The October jobs report handily beat expectations (204K vs. 120K), but that only means that the economy was not weakening in recent months as many had feared. The important trends that have been in place for the past three years - 2% annual growth of private sector jobs, and no increase in part-time employment - remain intact. The economy continues to grow at a modest pace.
These two charts show the monthly changes in private sector jobs and their 6-month annualized rate of growth. As should be apparent, jobs growth in this recovery has been quite similar to what we saw in the previous recovery. The private sector has been generating new jobs at the rate of about 2% per year, while the public sector - thank goodness - has been shedding jobs. (Though I would add that public sector jobs have been roughly flat over the past year.) That kind of jobs growth is only enough to give us 2-3% annual real growth in the economy (real growth is approximately equal to jobs growth plus productivity growth, which has averaged about 1% per year over time), which continues to be disappointing. Jobs growth will need to accelerate from here before we can get optimistic about a significant improvement in the economy.

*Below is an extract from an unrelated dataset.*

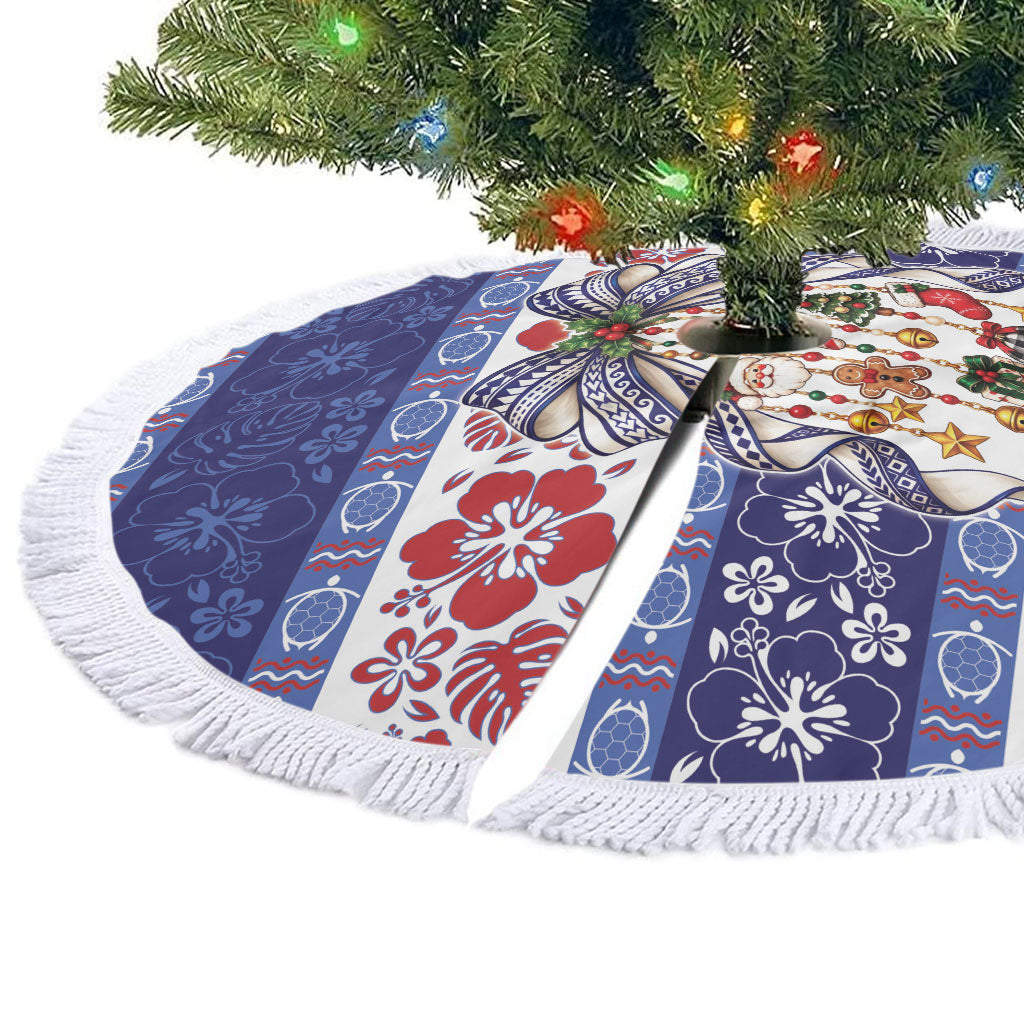 Samoa Tribal Christmas Bow Tree Skirt Ia Manuia lava le Kerisimasi LT9 - Polynesian Pride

The popular belief that the only jobs growth we have is coming from part-time jobs is a myth, as I explained in detail here. As the chart above shows, there has been zero growth in part-time employment ever since the recovery started. The ratio of part-time to total jobs has been falling since that time, just as it has during every recovery. There is nothing going on here that is unusual.

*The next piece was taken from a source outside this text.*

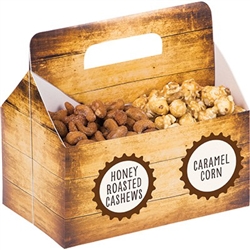 Snack Server Box with Labels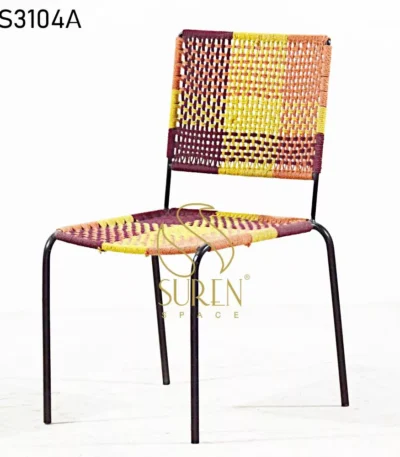 Rope Metal Semi Outdoor Chair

What is unusual - and disturbing - is the ongoing decline in the labor force participation rate, shown above (the last data point reflects the government shutdown and will probably be reversed next month). The decline in the participation rate began in earnest in 2009, and demographics cannot explain such a sudden change. What did change in 2009 were two government programs designed to pay people for not working: food stamp eligibility was significantly expanded, and unemployment benefits were extended in unprecedented fashion. This most likely contributed to people's decision to drop out of the labor force, though I suspect there are other factors at work as well.
The government shutdown last month only showed up in the household survey (red line), where jobs declined by a huge 735K, with the bulk of that declining coming from public sector jobs. This will likely be reversed next month.
Today's report adds to the body of evidence which suggests there is little or no reason for the Fed to continue its QE program.